▶ Caption-style text data
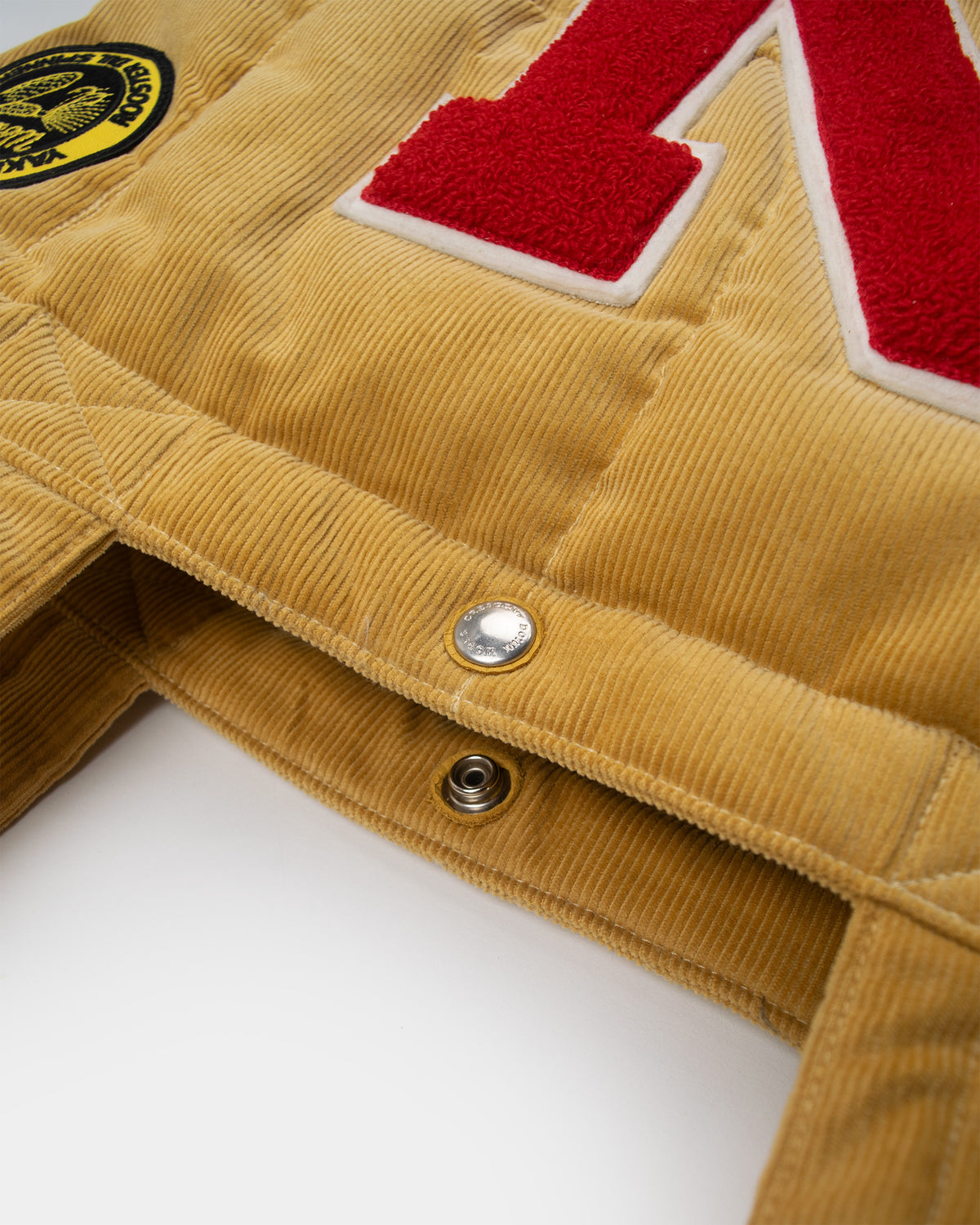 Close-up of a corduroy "corn" yellow corduroy down tote with a red and white embroidered letter 'N' on the front. 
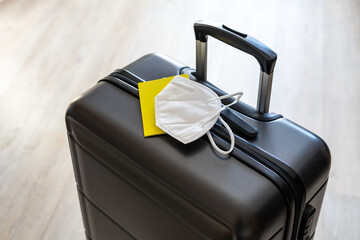 Ein grauer Reisekoffer, ein gelber Impfpass und eine weiße FFP2 Maske. Reise, Urlaub, Corona...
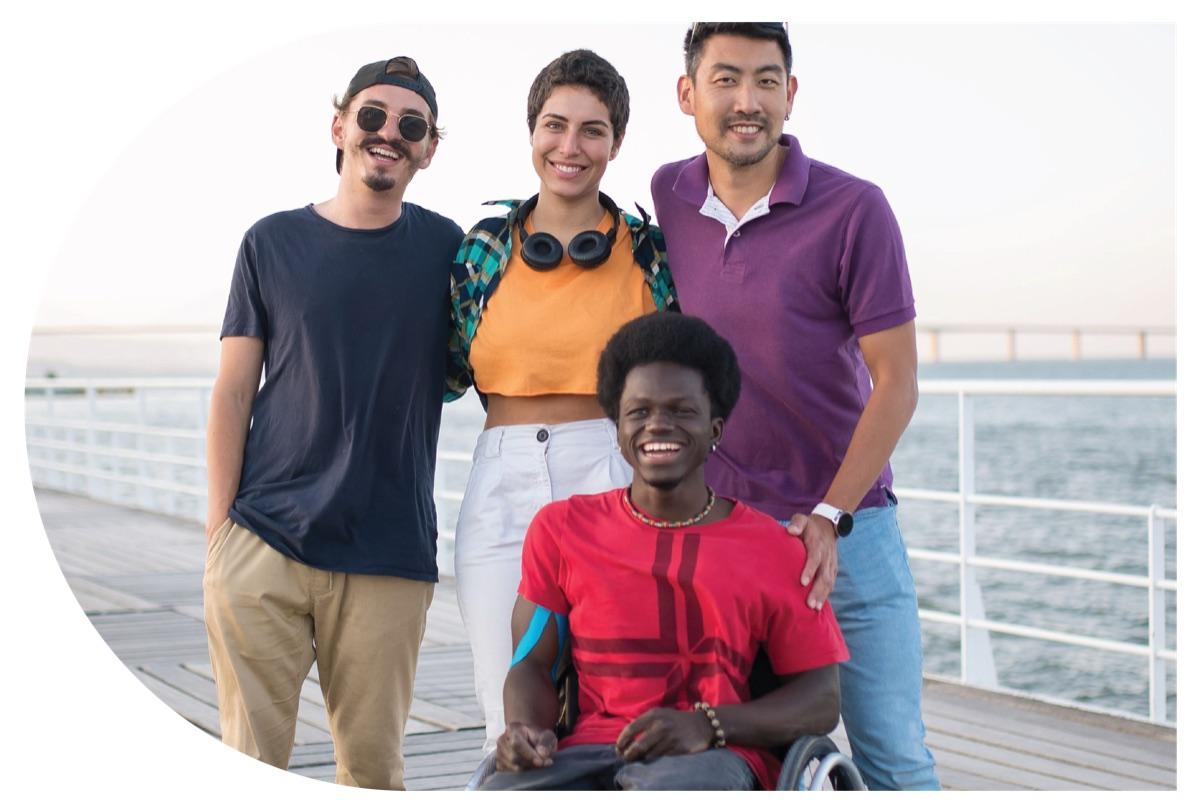 Four smiling young adults, one using a wheelchair, standing together on a waterfront boardwalk.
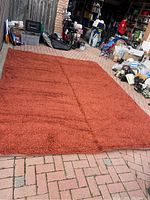 Full view of terracotta shag rug laid flat on brick floor showing texture and size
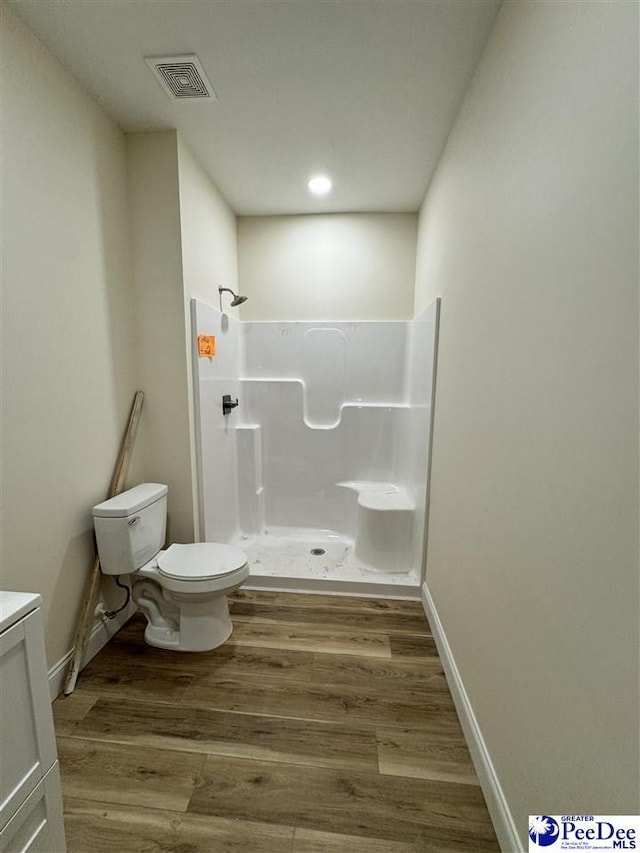 bathroom with vanity, hardwood / wood-style flooring, toilet, and a shower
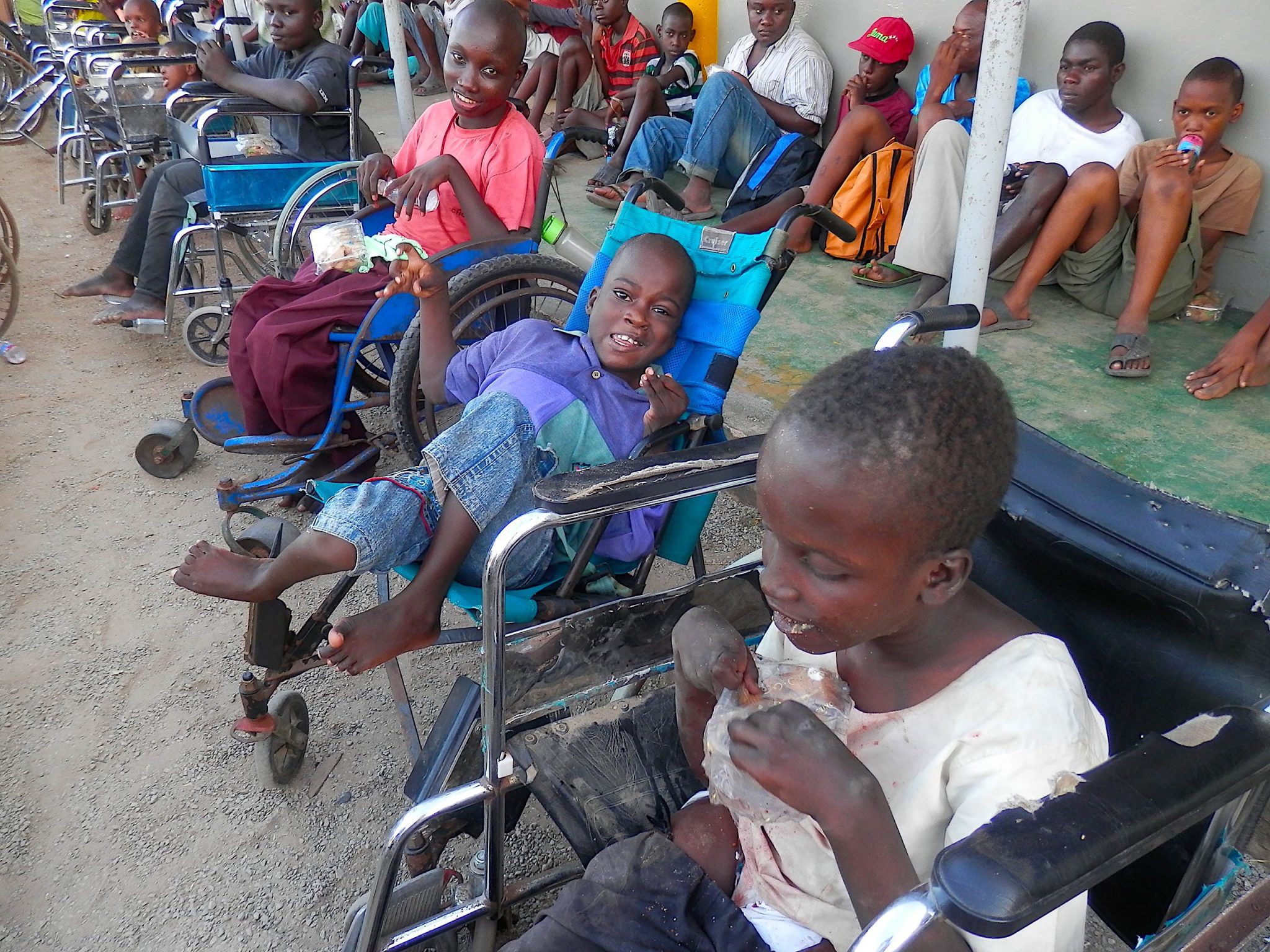 Two long rows of Kenyan boys. Three young boys in wheelchair are most prominent in the photo.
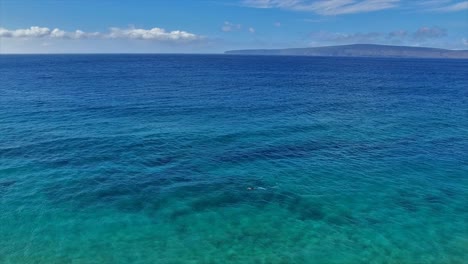 Panning-aerial-shot-of-a-snorkeler-in-Maui-Hawaii-in-beautiful-blue-water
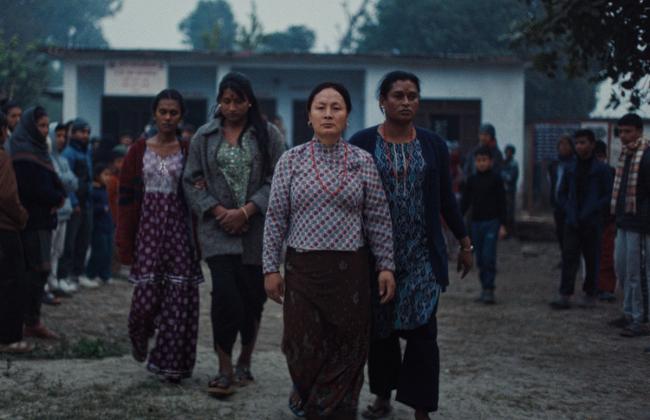 A group of women walk purposefully through a village square at dusk, crowds gathering behind them. Film still.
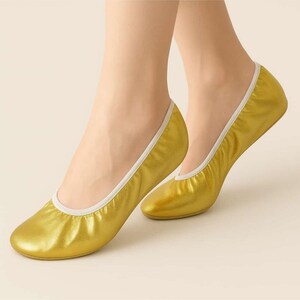 Könnte beinhalten: Ein Paar goldfarbene Ballerinas mit weißem Rand. Diese faltbaren Schuhe haben eine glänzende, metallische Oberfläche und eine runde Spitze. Die Ballerinas sind auf Komfort und Stil ausgelegt.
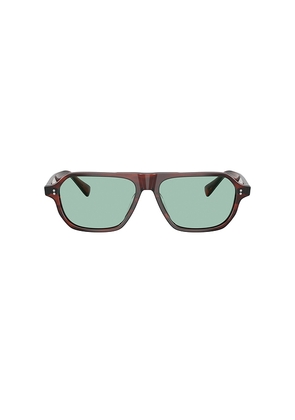 Oliver Peoples Remment Irregular Sunglasses in Brown.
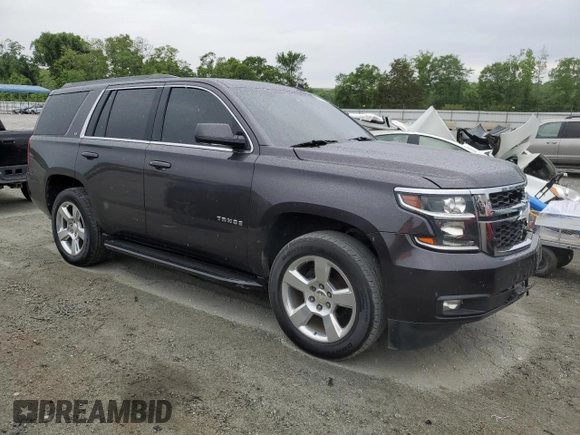 2015 Chevrolet Tahoe LT with VIN 1GNSCBKC9FR118286, listed as a Copart auction lot 56168375 with 144,824 mi miles and Salvage title. Bid and sale history available at DreamBid. Image 4.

▶ PROBLEM REQUIREMENTS
No pictures belong in the output. It should reproduce exactly the lines from the one containing "Ein grauer Reisekoffer, ein" through the end of the data, both ends included.

▶ RESPONSE TO THIS EXERCISE
 Ein grauer Reisekoffer, ein gelber Impfpass und eine weiße FFP2 Maske. Reise, Urlaub, Corona...
 Four smiling young adults, one using a wheelchair, standing together on a waterfront boardwalk.
 Full view of terracotta shag rug laid flat on brick floor showing texture and size
 bathroom with vanity, hardwood / wood-style flooring, toilet, and a shower
 Two long rows of Kenyan boys. Three young boys in wheelchair are most prominent in the photo.
 Panning-aerial-shot-of-a-snorkeler-in-Maui-Hawaii-in-beautiful-blue-water
 A group of women walk purposefully through a village square at dusk, crowds gathering behind them. Film still.
 Könnte beinhalten: Ein Paar goldfarbene Ballerinas mit weißem Rand. Diese faltbaren Schuhe haben eine glänzende, metallische Oberfläche und eine runde Spitze. Die Ballerinas sind auf Komfort und Stil ausgelegt.
 Oliver Peoples Remment Irregular Sunglasses in Brown.
 2015 Chevrolet Tahoe LT with VIN 1GNSCBKC9FR118286, listed as a Copart auction lot 56168375 with 144,824 mi miles and Salvage title. Bid and sale history available at DreamBid. Image 4.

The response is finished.